The participants comprised more than 200 professional players from Brazil and Sweden, about 9 percent of whom were women, along with a control group of 124 Brazilian nonathletes with a similar education level and social background. The subjects filled out a personality questionnaire and completed several cognitive tests. The researchers compared the results for the athletes with the same measures in the control group and the general population.

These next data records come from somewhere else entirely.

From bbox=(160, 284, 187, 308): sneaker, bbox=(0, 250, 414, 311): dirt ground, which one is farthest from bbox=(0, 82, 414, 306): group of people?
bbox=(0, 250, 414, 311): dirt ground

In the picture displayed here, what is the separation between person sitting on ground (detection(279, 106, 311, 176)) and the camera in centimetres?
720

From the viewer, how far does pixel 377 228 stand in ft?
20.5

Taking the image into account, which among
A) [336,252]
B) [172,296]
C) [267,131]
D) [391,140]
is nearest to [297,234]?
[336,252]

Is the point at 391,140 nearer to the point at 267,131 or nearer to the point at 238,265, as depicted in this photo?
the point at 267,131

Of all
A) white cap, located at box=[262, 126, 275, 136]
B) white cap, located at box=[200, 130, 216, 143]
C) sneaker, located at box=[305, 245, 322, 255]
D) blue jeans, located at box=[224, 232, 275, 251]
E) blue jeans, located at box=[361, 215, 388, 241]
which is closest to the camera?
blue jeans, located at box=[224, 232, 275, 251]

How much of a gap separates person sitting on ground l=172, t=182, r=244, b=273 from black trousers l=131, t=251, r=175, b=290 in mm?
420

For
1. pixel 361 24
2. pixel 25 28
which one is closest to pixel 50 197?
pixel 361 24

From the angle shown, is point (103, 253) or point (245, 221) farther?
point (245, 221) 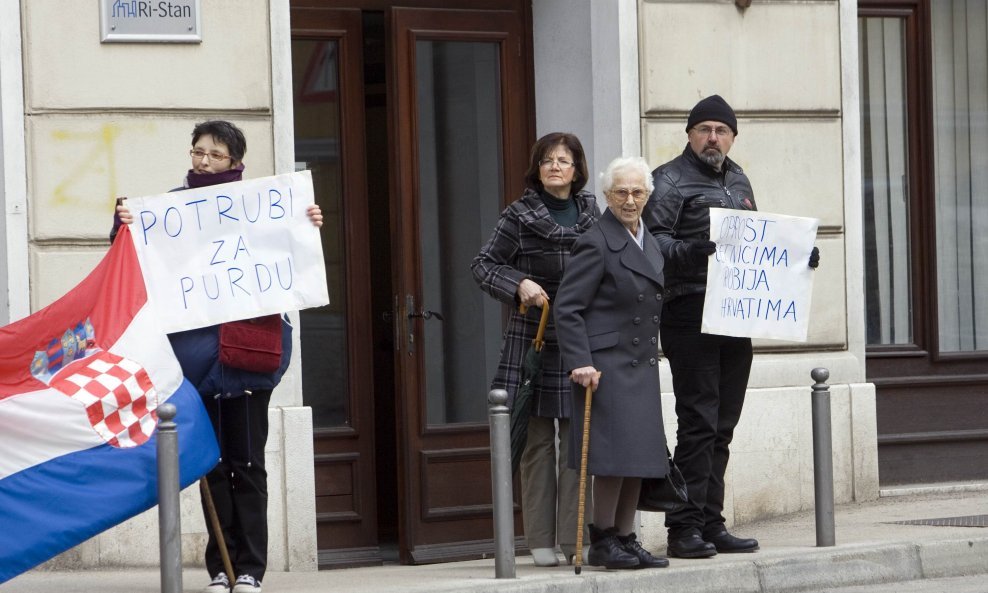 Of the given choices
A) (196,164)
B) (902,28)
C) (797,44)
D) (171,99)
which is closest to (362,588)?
(196,164)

Among other things, the professional players demonstrated a better working memory and showed better performance in planning and problem-solving. But above all, they really shined when it came to executive function—the regulation of information processing in higher-order brain areas that helps someone adapt to fast-changing events. In particular, the elite athletes performed far above the norm on the design fluency test, a measure of cognitive flexibility.
The design fluency test had proved to be a good marker of intelligence on the soccer field in previous studies, with higher scores indicating players who had superior skills in developing strategy and analyzing the play around them. “The ability to plan several steps ahead in order to reach a goal in a quickly changing environment may be one of the most crucial cognitive processes related to successful behavior in complex ball sports such as soccer,” Bonetti and his colleagues write in their new paper.
In the personality test, the professional athletes also demonstrated pronounced self-discipline, energy, extraversion and other factors—all unsurprising results. But at first glance, one thing did not fit the picture of success in a team sport: the players were assessed to be less sociable and cooperative than other people, perhaps because they were so focused on their own performance.
Other studies had previously shown that professional soccer players have a unique cognitive profile—but these investigations had smaller samples that often did not include top players. “Our novel study reproduced previous results but can also be regarded as the first conclusive study,” says Predrag Petrovic, co-senior author of the new paper and a senior lecturer of clinical neuroscience at the Karolinska Institute in Stockholm. (Elite players demonstrate cognitive skills above the norm. But the nature of the game can compromise those superior abilities. The frequent heading of the ball and the collisions with other players can lead to head injuries that put players at higher risk for dementia.)